- Location of Zaara Street Power Station
- Country: Australia;
- Location: Newcastle East, New South Wales, Australia
- Coordinates: 32°55′31″S 151°47′19″E﻿ / ﻿32.925367°S 151.788550°E
- Status: Decommissioned and demolished
- Commission date: 1915
- Decommission date: 1975

Thermal power station
- Primary fuel: Thermal coal

Power generation
- Nameplate capacity: 70.75 MW (94,880 hp)

= Zaara Street Power Station =

Former power station in Newcastle, New South Wales

Zaara Street Power Station is a former coal-fired power station that was situated on Zaara Street, in the city of , in New South Wales, Australia. The power station was built to supply power for the New South Wales Government Railways (NSWGR) in 1915, when the first turbo-alternator of 2.5 MW was commissioned. The installation of additional plant in 1920 led to a generating capacity of 28.5 MW. The station was decommissioned in 1975 and demolished in 1978.

==History==
In 1920 the Zaara Street Power Station started with a 7.5 MW Curtis GE turbo-alt (No.2) from White Bay and a 2.5 MW GE turbo-alt (No.3A) both delivering 6.6kV at 25 Hz (1500rpm). Additional power was needed in 1921 and another 2.5 MW Vickers-Willans alternator (No.3B) was added. Steam was supplied by 4 Babcock & Wilcox WIF long drum chain grate boilers. Each boiler produced 40000 lbs/hour at 200 psi and 580 F.

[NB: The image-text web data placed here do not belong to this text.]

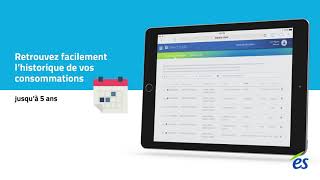 Espace Client ÉS, pour les professionnels, entreprises et collectivités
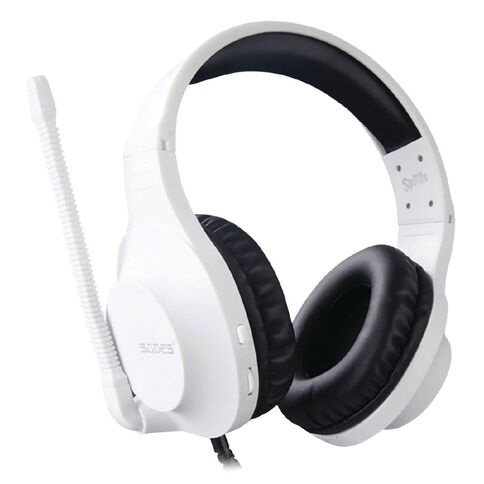 SADES Spirits Gaming Headset White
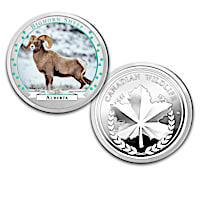 Canadian Provincial Wildlife Proofs And Display Box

1922 saw a 2.5 MW British Thompson Houston 50 Hz (3000rpm) alternator (No.4A) and a 1.5 MW Parsons alternator (No.1) added. More power was required in 1924 and a 7.5 MW BTH alternator (No.5) was installed. This was followed in 1928 by another 7.5 MW BTH alternator (No.6). Terminal voltage for these 50 Hz machines was 11kV. Four extra boilers were installed from 1930 to supply these machines. The last change to the low pressure plant was that the No.1 Parsons 1.5 MW alternator was removed and in its place a 7.5 MW Bellis & Morcom alternator (No.1) in 1936.

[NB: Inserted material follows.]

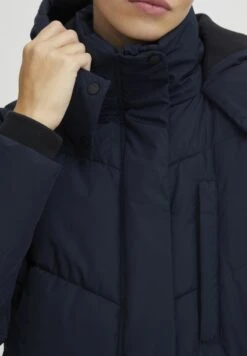 OXMO OXJULIE - Wintermantel - Insignia Blue -Oxmo 303fd0e73c814538b5eafb4f345d3590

Surplus capacity in the Railway Commissioner's power grid was sold to municipal councils and other bodies responsible for the supply of electricity to the general public. Zaara Street Power Station was connected to the grid of the Electricity Supply Department of the Newcastle Borough Council in 1917, and supplied much of Newcastle's electricity needs throughout the 1920s. Later known as the Newcastle Electricity Supply Council Administration (NESCA), the Newcastle Borough Council also operated a small power station with two alternators and a capacity of approximately 2.6 MW. Built in the 1890s, 'NESCA' Power Station was situated approximately one mile from Zaara Street, and closed in 1953.

==High pressure plant==
In 1939 a different approach was taken to supply more power more reliably. The first addition was a 15 MW Brush-Ljunstrom 50 Hz turbo-alternator (No.4). The next year a 12 MW Fraser + Chalmers ex-Pyrmont alternator was placed in the No.3 position. Steam was supplied to all the high pressure plant by four Babcock & Wilcox high head boilers. Each boiler produced 155000 lbs/hour at 420 psi and 810 F. A 20 MW British Thomson Houston alternator (No.4) was delivered in 1942 and a 15 MW Westinghouse alternator (No.5) installed in 1944. The No.5 7.5 MW machine became the number 7 alternator at this time to avoid confusion. Also, the No.2 7.5 MW machine was replaced with a slightly larger 8.75 MW Dick Kerr alternator (No.2), ex-White Bay. This gave Zaara Street a new total output of 70.75 MW.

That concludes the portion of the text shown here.